Spertus Institute 13.02.08

726 pieces of glass make up the 49 metre facade of the new Spertus Institute of Jewish Studies in Chicago, and 556 of those pieces have different shapes. Designed and built by Chicago-based architect Krueck + Sexton, the institute stands out against the 19th century masonry buildings that line Michigan Avenue.

“When these buildings were built they were considered progressive for their time,” says Timothy Tracey, associate principal of the firm. “We embraced this concept of forward thinking and made a modern building of our time. But there were definitely clues that we took from these buildings, such as proportions and scale. We’d like to think that we were sympathetic to the surrounding neighbourhood, while having a voice of our own.”

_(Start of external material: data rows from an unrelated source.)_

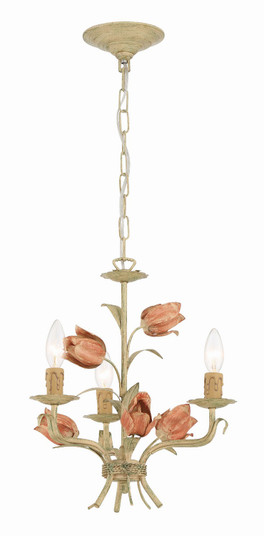 Southport Three Light Mini Chandelier in Sage Rose (60|4803-SR)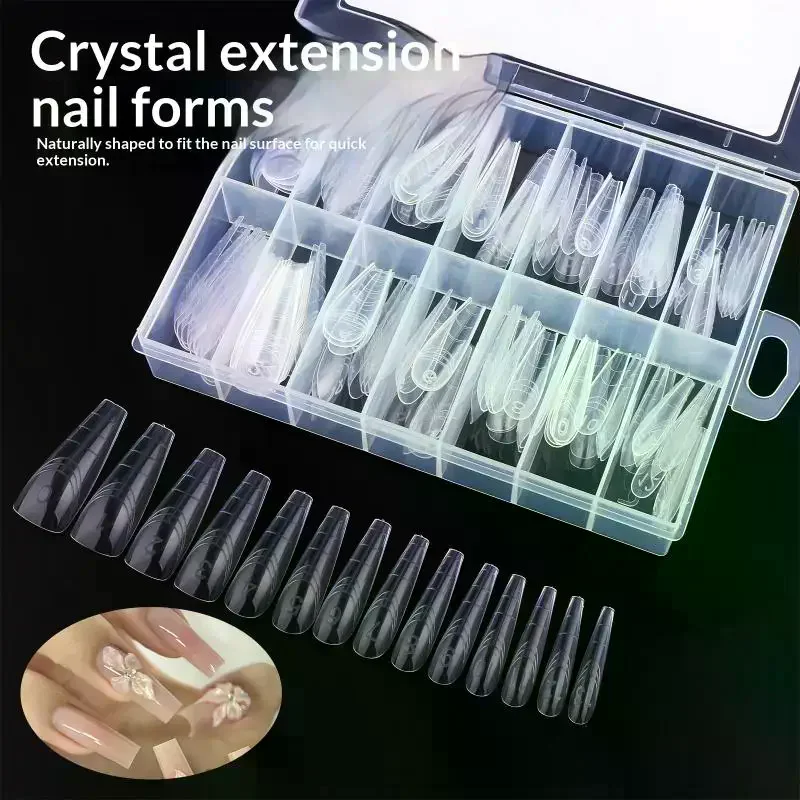70/140/150 szt. Formy do paznokci Nailpop Dual System, szablony do przedłużania paznokci, sztuczne tipsy, formy do paznokci, formy do żelu, narzędzia do zdobienia paznokci
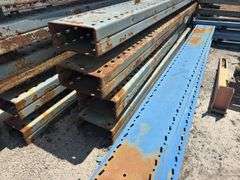 Cantilever Warehouse Racking, (5) Sets Extra Heavy Duty, Hardware Included Inspect At 1603 School Street Hillsboro Illinois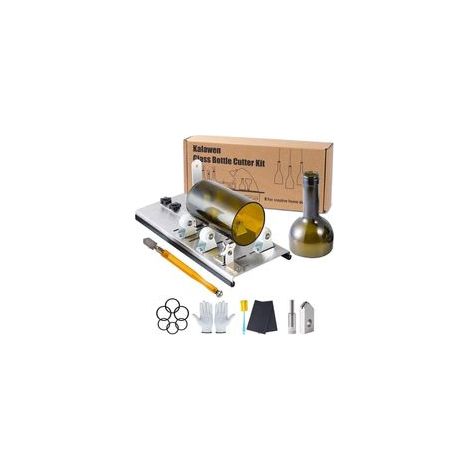 Verstellbares Glasflaschen-Schneideset, DIY-Werkzeug, Edelstahl-Schneidemaschinen-Set für Wein-, Bier-, Spirituosen-, Whisky-, Champagner- und runde Limonadenflaschen (1/5)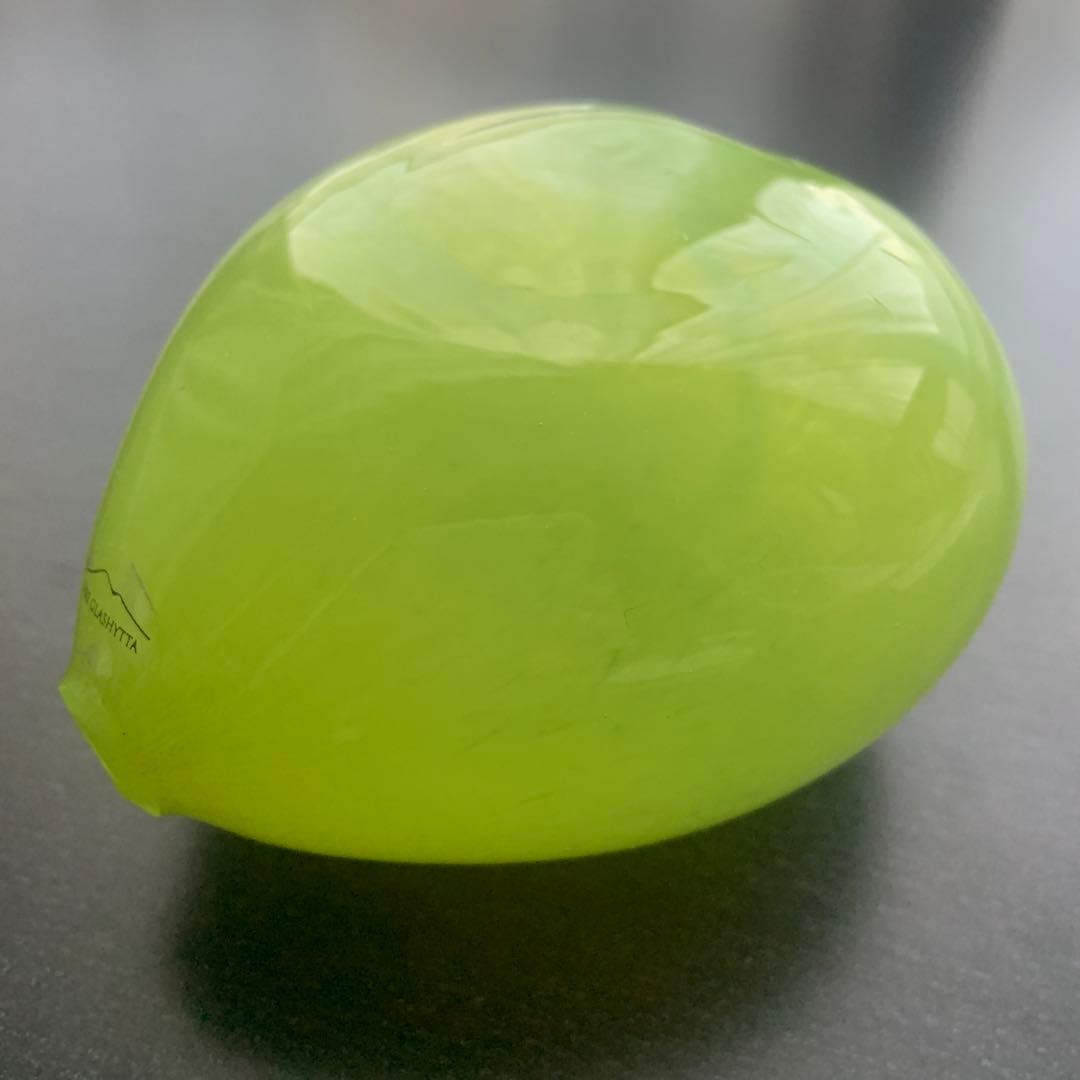 Sweden Åre Glashytta 手作り　ハート型 吹きガラス細工置物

The facade is the most characteristic element of the Spertus Institute, a complex that includes a college, museum, theatre, library and cafe. It is composed of folded glass panes, which jut out at different angles, giving the glass wall a three-dimensional quality. More light enters the open atrium through a skylight. “The old institute was very internally oriented, so with this new site we wanted to emphasise the connectivity of space that was lacking in the old building. We wanted to expose the internal space to the surroundings, especially because there is such a beautiful view of Lake Michigan and Grant Park,” explains Tracey.

Sustainability has played a key role in the construction of the institute. “As a practice, that’s one of our goals,” says Tracey. “The materials we used are primarily sustainable, and the furniture was selected with green principles in mind Overall, the building achieves a 29% reduction in energy consumption.”